2 The Great Dune Of Pyla
The Great Dune of Pyla (also spelled “Pilat”) is located on the shore of the Arachon Bay in France. The mountainous sand dune is 500 meters (1,600 ft) wide, 3 kilometers (1.9 mi) long, and 107 meters (351 ft) tall. It’s also moving at a rate of 10 meters (33 ft) each year and has traveled 280 meters (918 ft) over the past 57 years, or 4.9 meters (16.1 ft) on average.
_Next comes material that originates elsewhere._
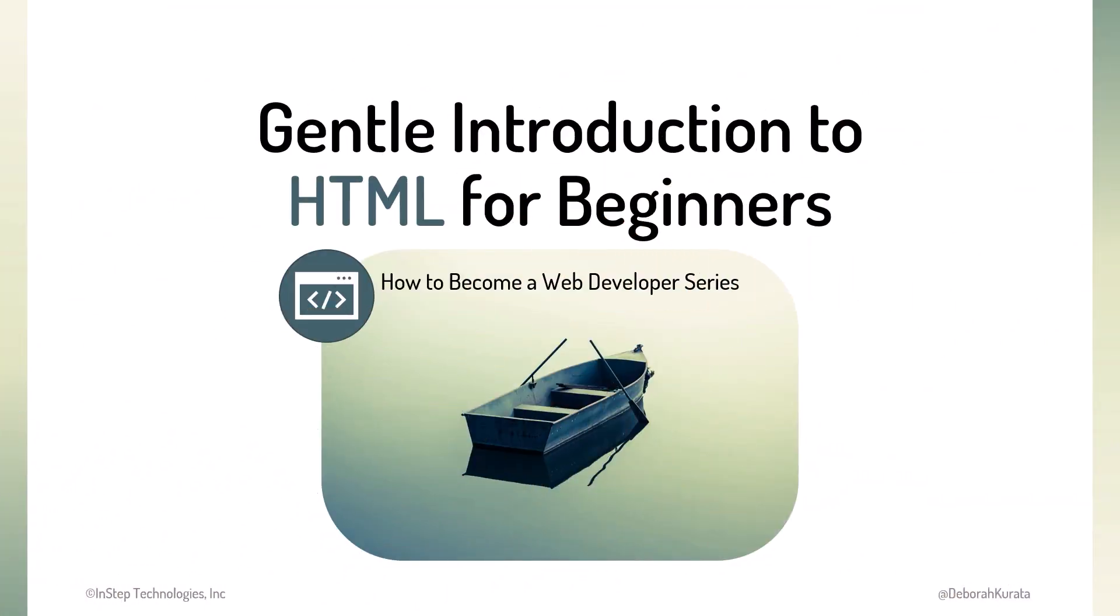This course is for anyone new to web development or existing web developers that want to reinforce their HTML knowledge. It's also useful for those that manage or interact with web developers to better understand what HTML is and how it's used.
Along the way, it has engulfed or buried 20 private properties, 8,000 square meters (86,000 ft2) of pine forest, and a road. Oceanic winds are responsible the massive dune’s movement. The mountainous dune has become a tourist hot spot, attracting climbers (assisted by a staircase with a fence for a rail), paragliders, and hikers.
1 Ahuna Mons
Ahuna Mons (aka “the Pyramid”) is located “in the middle of nowhere” on the dwarf planet Ceres, which mystifies NASA’s Dawn spacecraft mission science team member Paul Schenk, a geologist at the Lunar and Planetary Institute in Houston, Texas. Normally, such formations are associated with craters. Nearly 6.5 kilometers (4 mi) high and 16 kilometers (10 mi) wide, the pyramid-shaped peak is also mysterious for another reason: Inexplicable “bright streaks” run down its sides, resembling the equally mysterious bright spots that appear inside Ceres’s Occator Crater. Initially stumped as to the origin of Ahuna Mons, scientists now believe it may be “a gigantic ice volcano.” Erupting saltwater from the planet’s interior caused the Pyramid to form gradually, over millions of years. David A. Williams of Arizona State University’s School of Earth and Space Exploration says scientists hope to see “some venting” as Ceres approaches the Sun.